## AIM OF THE EXERCISE
Under this line are the records; write out word for word the part that begins at the line containing "Esquisses au stylo, à" and ends at the line containing "Yellow Hawaiian Quilt", and no more.

## SUPPLIED RECORDS

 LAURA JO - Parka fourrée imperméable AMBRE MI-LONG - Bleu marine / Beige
==
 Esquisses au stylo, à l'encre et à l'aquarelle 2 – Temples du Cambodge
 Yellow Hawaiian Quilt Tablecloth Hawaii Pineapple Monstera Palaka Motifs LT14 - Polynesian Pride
...
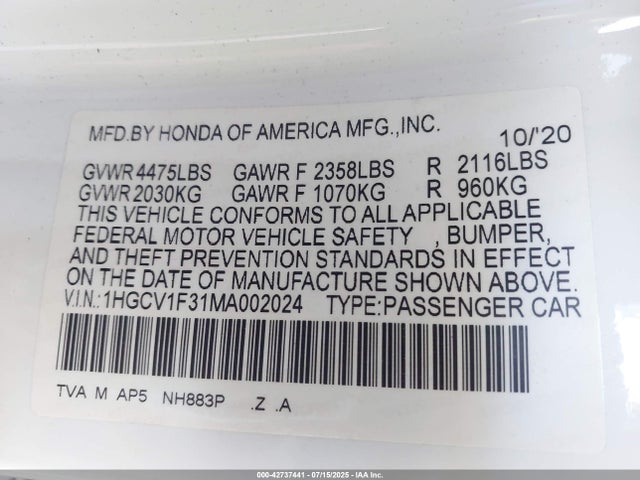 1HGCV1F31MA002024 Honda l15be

## OUTPUT OF THE EXERCISE
 Esquisses au stylo, à l'encre et à l'aquarelle 2 – Temples du Cambodge
 Yellow Hawaiian Quilt Tablecloth Hawaii Pineapple Monstera Palaka Motifs LT14 - Polynesian Pride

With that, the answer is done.